Oh, another thought on attire... if you have friends who can loan you attire that fits, that's also a plus too... I had family who kept wanting to loan me their ski bibs but I didn't like them... when I was down in the snow and trying to get back up, the ski bibs were too tight and uncomfortable... I prefer baggy snowpants so that I can feel I have more room and it's not as uncomfortable trying to flip over or stand up... If you with pants over bibs, make sure to wear a belt or have a jacket that connects on the inside... last season I was constantly getting snow in my lower back... I was fine when I was snowboarding, but when it was time to take a pee break... well, getting constant cold shivers and getting wet isn't fun... I much prefer to stay dry (I'm someone who gets cold really easily)...

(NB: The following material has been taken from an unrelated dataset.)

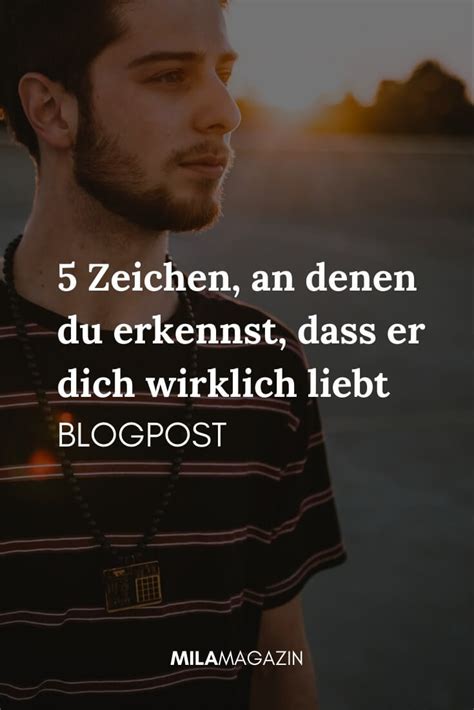 Die krawatte verschwindet, weil sie es lieber casual mag. 5 Dinge die dir zeigen, dass er dich wirklich liebt.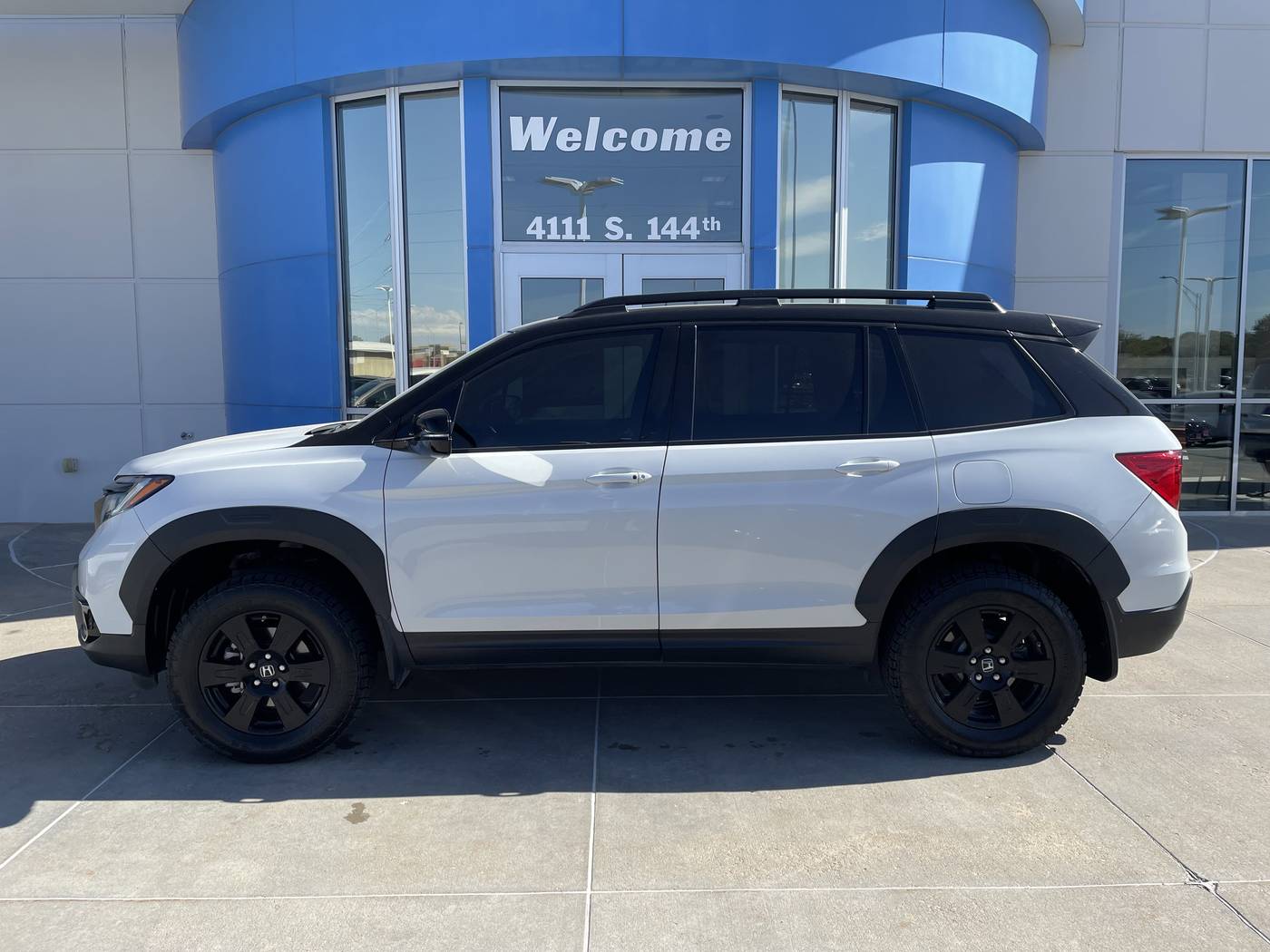 2020 Honda Passport Elite — SUV — 48,706 mi — Omaha, NE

Have fun at the tent sale and report back on your findings.


----------



## kri$han (Feb 24, 2007)

Click this link about the snowboarding show this weekend; 2008 Toronto Ski, Snowboard&Travel Show (its a bit of a drive from Timmins), but you can get some good advice there or an idea of what you want just by asking around. Or if you do some online research, you might want to check out the show sometime to have a look at things in-person.

Welcome to the forum!, I'm a Greater Toronto Area resident, myself and make weekly trips up to Blue Mtn. when the white and fluffy's on the ground up there 

Maybe you'll catch me ridin out there this year.

:thumbsup:


----------